The key to successful statistical analysis of bivariate extreme events lies in flexible modelling of the tail dependence relationship between the two variables. In the extreme value theory literature, various techniques are available to model separate aspects of tail dependence, based on different asymptotic limits. Results from Balkema and Nolde (2010) and Nolde (2014) highlight the importance of studying the limiting shape of an appropriately-scaled sample cloud when characterising the whole joint tail. We now develop the first statistical inference for this limit set, which has considerable practical importance for a unified inference framework across different aspects of the joint tail. Moreover, Nolde and Wadsworth (2022) link this limit set to various existing extremal dependence frameworks. Hence, a by-product of our new limit set inference is the first set of self-consistent estimators for several extremal dependence measures, avoiding the current possibility of contradictory conclusions. In simulations, our limit set estimator is successful across a range of distributions, and the corresponding extremal dependence estimators provide a major joint improvement and small marginal improvements over existing techniques.

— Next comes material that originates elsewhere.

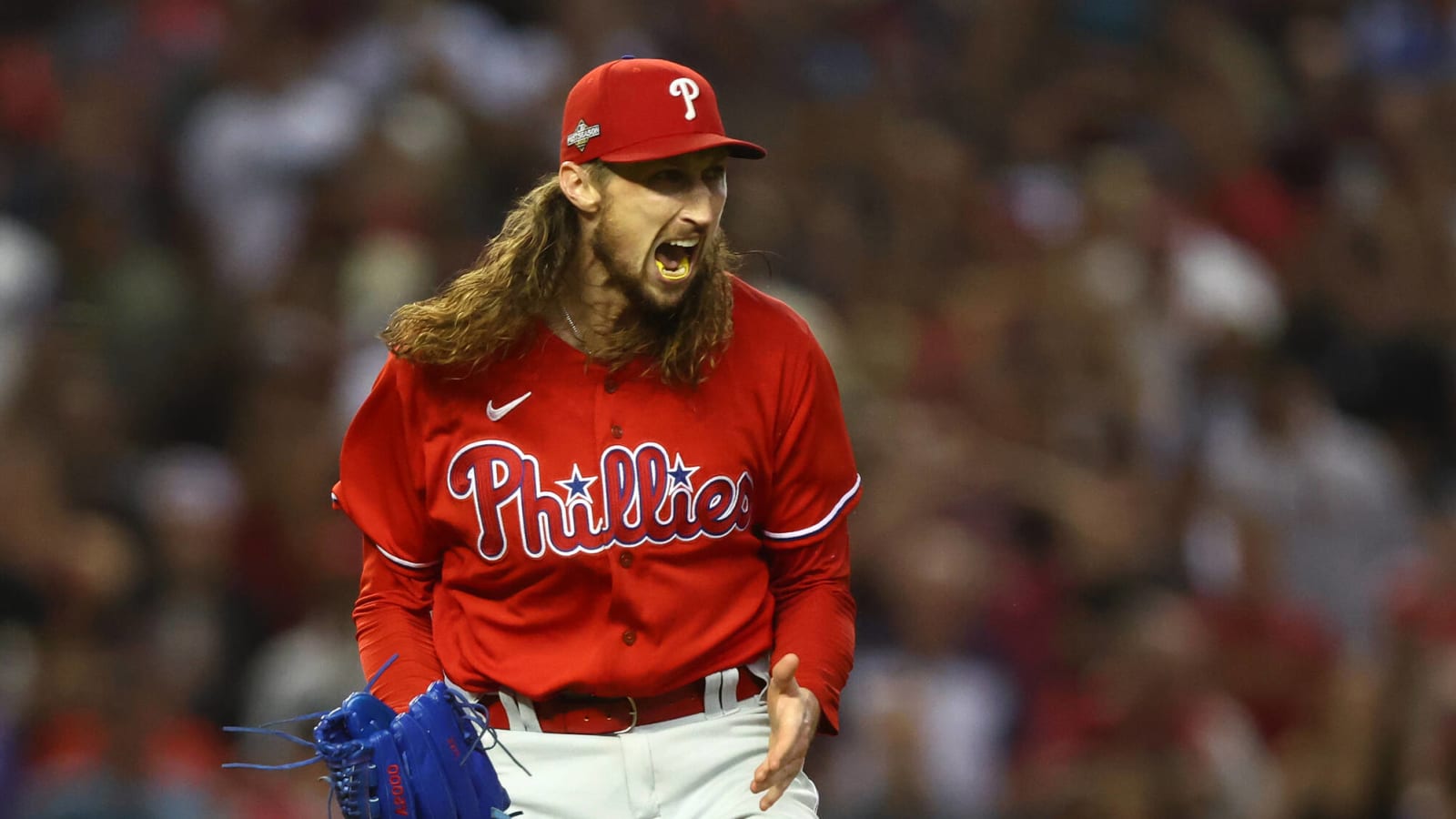 Phillies extend veteran reliever Yardbarker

We consider an application to sea wave heights, where our estimates successfully capture the expected weakening extremal dependence as the distance between locations increases.

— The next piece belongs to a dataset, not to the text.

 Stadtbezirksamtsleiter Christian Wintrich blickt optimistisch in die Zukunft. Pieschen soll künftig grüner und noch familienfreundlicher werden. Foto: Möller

翻译：双变量极值事件的统计分析关键在于灵活刻画两个变量间的尾部依赖关系。极值理论文献中，基于不同渐近极限已有多种技术可分别建模尾部依赖的各个侧面。Balkema与Nolde（2010）及Nolde（2014）的研究表明，在表征联合尾部整体特征时，研究适当标度样本云的极限形状具有重要价值。本文首次发展出针对该极限集的统计推断方法，这对构建联合尾部不同侧面的统一推断框架具有重要实践意义。此外，Nolde与Wadsworth（2022）将该极限集与多种现有极值依赖框架建立联系。因此，作为极限集推断新方法的衍生成果，我们首次获得若干极值依赖测度的自洽估计量，从而规避当前可能存在的矛盾性结论。模拟实验中，我们的极限集估计器在多种分布类型下表现优异，相应的极值依赖估计量相较于现有技术实现整体显著提升与局部渐进改进。在海洋波高应用案例中，该估计方法成功捕捉到随地点间距增大而减弱的极值依赖特征。